One of the most remarkable aspects of the this exhibition, which follows a plethora of similar shows addressing the generational issue, is that it will be composed of ten small “solos” encapsulated in it: one for each of the participating artists. This is aimed at forming a coherent path that may indicate their evolution and possible future directions, showing that not necessarily a young artist is inexperienced (and on the other side that more mature artists not necessarily loses their freshness in time). While fighting against the many cliché about young artists, we will therefore try to detect new possible meanings the adjective “young” entails.

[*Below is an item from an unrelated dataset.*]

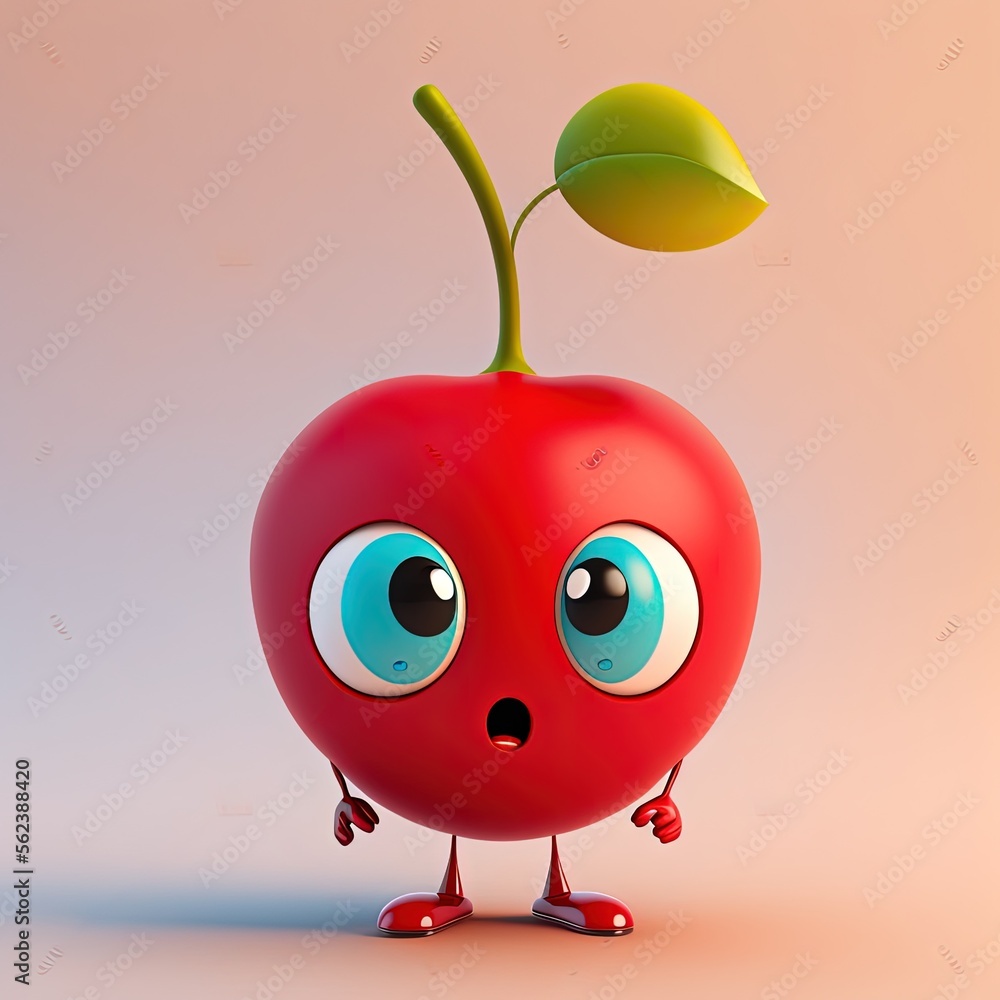 Fototapeta premium Cute Cartoon Cherry Character (Generative AI)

Degeneration is not only and not simply about “monsters”, although the works by Lu Yang, Chen Zhou, Li Ming and Ye Linghan materialize absurd and uncanny atmospheres. It is about pushing a language to the limit, exploring the possibility to reenact and reproducing life according to one’s own personal criteria: this could be done by altering the content of well-know films and video works, or simply by re-evoking their atmospheres, with the implicit critical re-evaluation of models (Cheng Ran); by constructing a sophisticated – yet immediate – photographic image, taken from an un-known story from a parallel dimension, which is always that of the mind (Chen Wei). It’s about the aberrations and derangements of the senses, how we experience and form knowledge in the era of the fast-everything (Guan Xiao); but also about how, throughout history and memories – those of our “fathers” – we form our idea of the world (Li Ran and Hu Yun). Finally, it’s about how we let dreams get stained without giving them up, how we fight against the evil we perceive, and how we engage our minds and bodies in this struggle (Ma Qiusha).